Discussion in 'General Discussion' started by Quigley_Sharps, May 29, 2012.


  1. Quigley_Sharps

    Quigley_Sharps The Badministrator Administrator Founding Member

    LOS ANGELES (AP) — Across the vast Pacific, the mighty bluefin tuna carried radioactive contamination that leaked from Japan's crippled nuclear plant to the shores of the United States 6,000 miles away — the first time a huge migrating fish has been shown to carry radioactivity such a distance.
    "We were frankly kind of startled," said Nicholas Fisher, one of the researchers reporting the findings online Monday in the Proceedings of the National Academy of Sciences.
    The levels of radioactive cesium were 10 times higher than the amount measured in tuna off the California coast in previous years.
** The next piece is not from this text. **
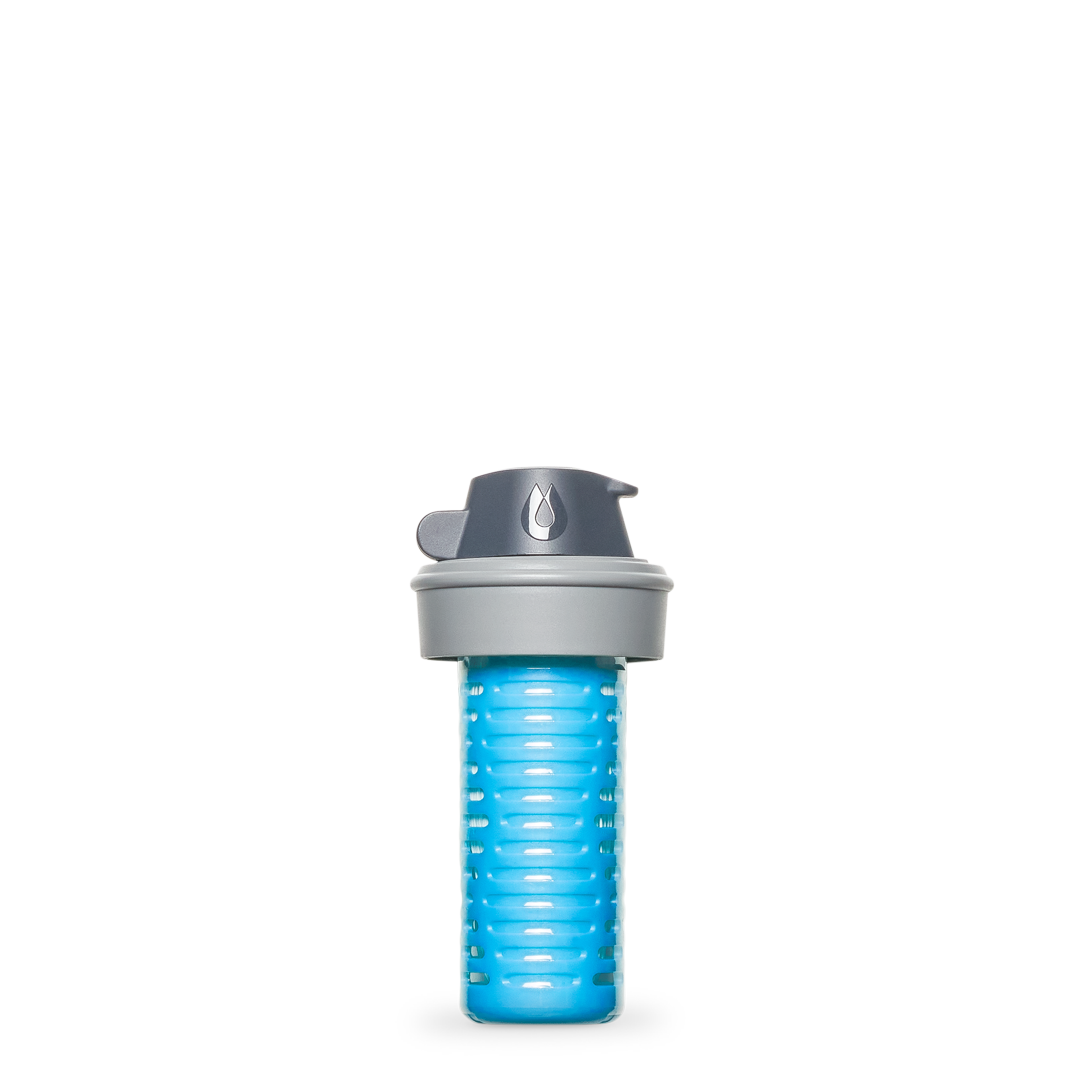 FLUX+ FILTER KIT 1,5 l Clear/HP Blue - softflask med vattenfilter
But even so, that's still far below safe-to-eat limits set by the U.S. and Japanese governments.
    Previously, smaller fish and plankton were found with elevated levels of radiation in Japanese waters after a magnitude-9 earthquake in March 2011 triggered a tsunami that badly damaged the Fukushima Dai-ichi reactors.
    But scientists did not expect the nuclear fallout to linger in huge fish that sail the world because such fish can metabolize and shed radioactive substances.
    One of the largest and speediest fish, Pacific bluefin tuna can grow to 10 feet and weigh more than 1,000 pounds. They spawn off the Japan coast and swim east at breakneck speed to school in waters off California and the tip of Baja California, Mexico.
    Five months after the Fukushima disaster, Fisher of Stony Brook University in New York and a team decided to test Pacific bluefin that were caught off the coast of San Diego. To their surprise, tissue samples from all 15 tuna captured contained levels of two radioactive substances — ceisum-134 and cesium-137 — that were higher than in previous catches.
    To rule out the possibility that the radiation was carried by ocean currents or deposited in the sea through the atmosphere, the team also analyzed yellowfin tuna, found in the eastern Pacific, and bluefin that migrated to Southern California before the nuclear crisis. They found no trace of cesium-134 and only background levels of cesium-137 left over from nuclear weapons testing in the 1960s.
    The results "are unequivocal. Fukushima was the source," said Ken Buesseler of the Woods Hole Oceanographic Institution, who had no role in the research.
    Bluefin tuna absorbed radioactive cesium from swimming in contaminated waters and feeding on contaminated prey such as krill and squid, the scientists said. As the predators made the journey east, they shed some of the radiation through metabolism and as they grew larger. Even so, they weren't able to completely flush out all the contamination from their system.
    "That's a big ocean. To swim across it and still retain these radionuclides is pretty amazing," Fisher said.
    Pacific bluefin tuna are prized in Japan where a thin slice of the tender red meat prepared as sushi can fetch $24 per piece at top Tokyo restaurants. Japanese consume 80 percent of the world's Pacific and Atlantic bluefin tuna.
    The real test of how radioactivity affects tuna populations comes this summer when researchers planned to repeat the study with a larger number of samples. Bluefin tuna that journeyed last year were exposed to radiation for about a month. The upcoming travelers have been swimming in radioactive waters for a longer period. How this will affect concentrations of contamination remains to be seen.
    Now that scientists know that bluefin tuna can transport radiation, they also want to track the movements of other migratory species including sea turtles, sharks and seabirds.
     
  2. Seawolf1090

    Seawolf1090 Retired Curmudgeonly IT Monkey Founding Member

    Soon your canned tuna will come pre-cooked. That soft glow won't be the flames in your candlelight dinner......
     
    Tracy likes this.
  3. UGRev

    UGRev Get on with it!

    well, the indigo children will soon become indiglo children ;)
     
    Tracy and ditch witch like this.
  4. BTPost

    BTPost Stumpy Old Fart,Deadman Walking, Snow Monkey Moderator

    Just so you know, Bluefin Tuna, is to expensive to Can, commercially .... Canned Tuna is usually Yellowfin, or Albacore. ..... YMMV.....
     
  5. Quigley_Sharps

    Quigley_Sharps The Badministrator Administrator Founding Member

    I wanted to draw my own conclusions regarding migration patterns, so I spent the last hour doing some research. This is what I've found so far: Please note that this information is from a study of dart-tagged albacore - not bluefin. The first image is the location of Fukushima in Japan. The second image shows the locations of 1245 retrieved tags. This is a pretty good summary of the migration pattern of Pacific juvenile albacore.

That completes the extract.